Well. This going to make things a lot easier for everyone.
In order to do this, I decided to conduct a rigorous scientific experiment, recording the average times between Berri and Atwater on the Green Line. I would leave out everything east of Berri because what are those places and I would stop at Atwater because Lionel-Groulx is FAR. I’d ride the metro three times in total, recording the times from the door closing to the door opening, and calculating the standard deviation.
Then I realised I could just check the STM website.
I went to the website and couldn’t find the average times. So WEEE metro ride.
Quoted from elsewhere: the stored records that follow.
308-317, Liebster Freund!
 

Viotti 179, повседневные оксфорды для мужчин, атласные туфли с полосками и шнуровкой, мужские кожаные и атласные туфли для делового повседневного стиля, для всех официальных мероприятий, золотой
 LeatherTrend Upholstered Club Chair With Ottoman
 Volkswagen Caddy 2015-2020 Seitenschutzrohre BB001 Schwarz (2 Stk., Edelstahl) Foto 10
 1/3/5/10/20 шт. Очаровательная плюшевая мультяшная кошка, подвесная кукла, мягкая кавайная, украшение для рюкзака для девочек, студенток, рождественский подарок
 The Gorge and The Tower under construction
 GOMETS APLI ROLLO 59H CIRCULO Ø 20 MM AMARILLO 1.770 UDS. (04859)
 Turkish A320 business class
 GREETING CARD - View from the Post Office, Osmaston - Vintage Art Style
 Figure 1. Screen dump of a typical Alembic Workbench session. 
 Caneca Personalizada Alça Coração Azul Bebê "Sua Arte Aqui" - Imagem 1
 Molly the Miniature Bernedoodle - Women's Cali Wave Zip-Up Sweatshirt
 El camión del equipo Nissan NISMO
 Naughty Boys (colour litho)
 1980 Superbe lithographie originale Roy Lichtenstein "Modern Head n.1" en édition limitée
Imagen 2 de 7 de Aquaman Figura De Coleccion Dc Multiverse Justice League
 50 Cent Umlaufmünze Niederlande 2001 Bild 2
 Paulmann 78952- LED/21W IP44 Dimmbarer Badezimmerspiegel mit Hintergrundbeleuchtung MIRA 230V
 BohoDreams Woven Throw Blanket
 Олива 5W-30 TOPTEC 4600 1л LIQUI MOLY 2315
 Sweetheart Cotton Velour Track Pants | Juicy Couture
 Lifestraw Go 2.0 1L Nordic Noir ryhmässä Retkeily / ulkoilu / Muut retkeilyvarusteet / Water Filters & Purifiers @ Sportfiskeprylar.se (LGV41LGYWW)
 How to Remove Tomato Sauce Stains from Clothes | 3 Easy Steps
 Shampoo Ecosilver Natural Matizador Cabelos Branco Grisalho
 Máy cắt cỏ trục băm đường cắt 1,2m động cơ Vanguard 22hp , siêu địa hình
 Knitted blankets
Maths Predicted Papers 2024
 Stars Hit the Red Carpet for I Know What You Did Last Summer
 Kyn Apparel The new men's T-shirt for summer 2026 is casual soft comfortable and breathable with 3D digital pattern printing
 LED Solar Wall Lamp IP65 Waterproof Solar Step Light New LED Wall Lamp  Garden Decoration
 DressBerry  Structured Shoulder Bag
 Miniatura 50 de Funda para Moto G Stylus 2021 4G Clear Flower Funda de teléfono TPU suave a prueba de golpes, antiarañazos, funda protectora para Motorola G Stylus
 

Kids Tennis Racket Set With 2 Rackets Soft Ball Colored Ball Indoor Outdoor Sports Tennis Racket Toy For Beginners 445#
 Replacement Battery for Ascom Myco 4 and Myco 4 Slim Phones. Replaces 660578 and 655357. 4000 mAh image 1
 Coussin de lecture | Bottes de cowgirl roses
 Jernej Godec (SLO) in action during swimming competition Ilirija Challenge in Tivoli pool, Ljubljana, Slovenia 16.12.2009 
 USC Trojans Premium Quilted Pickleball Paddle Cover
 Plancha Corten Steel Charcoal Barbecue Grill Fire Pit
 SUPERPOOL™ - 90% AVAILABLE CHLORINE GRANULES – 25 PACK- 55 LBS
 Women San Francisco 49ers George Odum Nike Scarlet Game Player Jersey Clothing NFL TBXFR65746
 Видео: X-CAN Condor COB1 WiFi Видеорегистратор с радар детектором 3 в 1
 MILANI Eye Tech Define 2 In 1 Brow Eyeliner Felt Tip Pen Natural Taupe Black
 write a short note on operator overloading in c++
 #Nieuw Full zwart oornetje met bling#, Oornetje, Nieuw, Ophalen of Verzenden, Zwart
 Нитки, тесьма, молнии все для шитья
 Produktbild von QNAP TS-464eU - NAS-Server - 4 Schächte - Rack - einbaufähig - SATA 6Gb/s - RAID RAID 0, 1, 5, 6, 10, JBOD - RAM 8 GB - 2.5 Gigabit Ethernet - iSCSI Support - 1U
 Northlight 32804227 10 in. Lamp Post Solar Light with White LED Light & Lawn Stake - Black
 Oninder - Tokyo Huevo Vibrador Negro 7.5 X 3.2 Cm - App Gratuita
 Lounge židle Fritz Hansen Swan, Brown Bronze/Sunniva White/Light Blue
I settled into my favourite seat on my favourite carriage, the only seat I ever ride on: the loner seat on the natural selection carriage.
METHOD: HOW TO RIDE THE METRO
THE LONER SEAT
“Excuse me. Can I sit here?”
The loner seat is by far the best seat in the carriage. There are four basic categories of seats: the window seat, the aisle seat, the loser seat and the loner seat. The window seat, when attached to an aisle seat, forms a double seat. The loser seat, which is at a right angle to the window seat, is called so because when the window seat is part of a double seat, you’re forced to third wheel with people you don’t know, often a couple. Your legs intermingle but you don’t really belong. Even when the window seat is alone, it’s like you’re on some awkward first date, both sort of facing sideways away from each other in quiet alarm.
Me in the loner seat
In contrast, the loner seat is positioned apart from the others, a world of its own, a small kingdom in its own right. It’s the lone wolf’s rock, from where he howls at the Moon. It’s an Iron Throne, the seat of kings. You can read whatever you like on this seat and no one knows what it is. You can read Fifty Shades of Grey or even something worse, like whatever the sequel to that book is called. Half a Hundred Monochrome Hues feat. Penis. You will not be judged.
And this is my seat – the seat of wolves and kings.
THE NATURL SELECTION CARRIAGE
Or rogue Balrogs
The natural selection carriages are the second to last carriages. The problems with the end carriages are that a) they are cluttered with bicycles and b) when the metro breaks down between stations, they are most vulnerable to whatever waits in the tunnel. You peer nervously into the dark, then go back to Hues feat. Penis. But your imagination has run away with you. At any moment, cannibal pygmy men are going to rush out of the darkness like angry hobbits. Or a stampede of wildebeest. Or tyrannosaurs. All suddenly possible scenarios.
Happened to me between Berri and St. Laurent
The middle carriages are even worse, being both crowded and vulnerable to other kinds of attack. For example, the kind where simultaneous collisions at either end compact the carriage into a tin can. Or the kind where tyrannosaurs, woken from their peaceful slumber, take the end cars in their jaws and shake them like angry dogs would do, stretching and splitting the middle carriage in twain and spilling out people like candies from a piñata.
No matter how you think about it, the second to last carriages are the survivor carriages.
In sum: in every possible scenario, the loner seat in the natural selection carriage wins.
And it was from this majestic vantage point that I began recording times.